Hari wiladah atau hari kelahiran merupakan momen yang sangat berkesan bagi seseorang, tak hanya itu bahkan biasanya membawa kebahagiaan dan kesenangan bagi orang-orang yang ada di sekitarnya, sehingga seringkali dirayakan.
Termasuk di antaranya adalah maulid nabi atau hari kelahiran nabi Muhammad saw, yang mana membawa kebahagiaan khususnya bagi kaum muslimin. Oleh sebab itu biasanya diadakan beragam acara peringatan atas momen berbahagia ini, atau yang di negeri kita biasa dikenal dengan maulidan.
Di sisi lain ternyata ada juga kelompok yang menganggap maulidan ini sebagai perbuatan bid’ah sehingga tidak diperbolehkan. Maka dari itu terjadilah banyak perdebatan dan pembicaraan dalam hal ini. Apakah benar maulid itu adalah bid’ah dan tidak boleh dilakukan? Ataukah tidak demikian.
Berangkat dari persoalan di atas, sangat penting kiranya kita mengenal terlebih dahulu apa yang dimaksud dengan bid’ah dan seperti apa contohnya. Sehingga apabila kita telah mengenal bid’ah secara benar, maka kita akan tahu bagaimana sebenarnya relasinya dengan maulid.
Dimulai dari dasarnya, kita akan melihat makna bid’ah dalam pandangan para ahli bahasa terlebih dahulu. Dalam pembahasan lalu telah diulas pengertian bid’ah dalam kitab Lisanul Arab karya Ibnu Mandzur, sementara kali ini kita akan melihatnya dalam Kitab Al-Ain karya Al-Khalil bin Ahmad Al-Farahidi serta kitab Mu’jam Maqayisul Lughah karya Ibnu Faris.

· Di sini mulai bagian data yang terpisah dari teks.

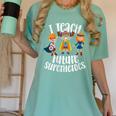 I Teach Superheroes Cute Back To School Teacher Women's Comfort Colors T-Shirt Chalky Mint I Teach Superheroes Cute Back To School Teacher Women's Comfort Colors T-Shirt Chalky Mint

Dalam Kitab Al-Ain disebutkan demikian:
بدع: البدع; إحداث شيء لم يكن له من قبلُ خلق ولا ذكر ولا معرفة. والله بديع السماوات والأرض . . البدع : الشيء الذي يكون أوّلا في كلّ أمر كما قال الله : ( مَا كُنْتُ بِدعاً مِنَ الرُّسُلِ ) أي لست بأوّل مرسل
والبدعة اسم ما ابتدع من الدين وغيره
والبدعة ما استحدث بعد رسول الله من الأهواء والأعمال
بدع: Al-bad’u (البدع): Penciptaan sesuatu yang belum ada sebelumnya ciptaan, sebutan dan pengetahuan. (seperti) Allah pencipta langit dan bumi… Al-Bid’u (البدع): Sesuatu yang menjadi awal dalam segala hal, sebagaimana Allah swt berfirman: “Katakanlah (Muhammad), ‘Aku bukanlah rasul yang pertama di antara rasul-rasul…’” (Al-Ahqaf: 9), yakni aku bukanlah utusan yang pertama.
Dan Al-Bid’atu (البدعة): Nama sesuatu yang diciptakan atau dibuat dari (dalam) agama dan selainnya.
Dan Al-Bid’atu (البدعة): Apa-apa dibuat (baru) setelah Rasulullah saw dari (berupa) kecenderungan dan amal.[1]
Sementara itu Ibnu Faris mencatat:
بدع: الباء والدال والعين أصلان: أحدهما ابتداء الشيء وصنعه لا عن مثال ، والآخر الانقطاع والكلال
فالأول قولهم أبدعت الشيء قولا أو فعلا، إذا ابتدأته لا عن سابق مثال، والله بديع السماوات والأرض
بدع: Ba, Ain dan Dal memiliki dua asal: salah satunya ialah memulai sesuatu dan membuatnya tidak dari sebuah contoh, dan yang lainnya adalah terpotong dan kelesuan.
Yang pertama (misalnya) ucapan mereka: أبدعت الشيء قولا أو فعلا، Saya menciptakan sesuatu berupa ucapan atau pun perbuatan, apabila engkau membuatnya bukan didahului dengan contoh, dan Allah pencipta langit dan bumi…[2]
Dari kedua uraian di atas, secara umum dapat kita ambil kesimpulan bahwa asal-muasal kata bid’ah itu diambil dari kata yang terdiri dari tiga huruf asli; ba, dal dan ain yang mana memiliki makna mencipta atau membuat sesuatu yang baru yang mana belum pernah ada sebelumnya atau tidak ada contohnya. Seperti yang dicontohkan dengan kalimat; Allah swt pencipta langit dan bumi, dengan menggunakan kata بديع (pencipta) yang memiliki asal kata yang sama dengan bid’ah, maka artinya Allah telah membuat langit dan bumi itu untuk pertama kali dan tidak ada contoh sebelumnya.
Sehingga setelah memahami hal ini kita akan sedikit bisa meraba apa makna bid’ah dalam agama. Namun yang perlu diperhatikan ialah bahwa makna secara bahasa tidak sama dengan makna secara istilah meskipun memiliki titik persamaan, sebab biasanya makna secara istilah memiliki kriteria tertentu sehingga membuatnya lebih spesifik terhadap sesuatu. Sehingga langkah selanjutnya adalah merujuk pada maknanya dalam istilah -meskipun secara ringkas disebutkan di atas- insyaAllah akan dibahas pada tulisan-tulisan berikutnya.
[1] Kitabul Ain, jil: 1, hal: 121-122, cet: Darul Kutubul Ilmiyah, Beirut.
[2] Mu’jam Maqayisul Lughah, hal: 101, cet: Daru Ihyait Turatsil Arabi, Beirut.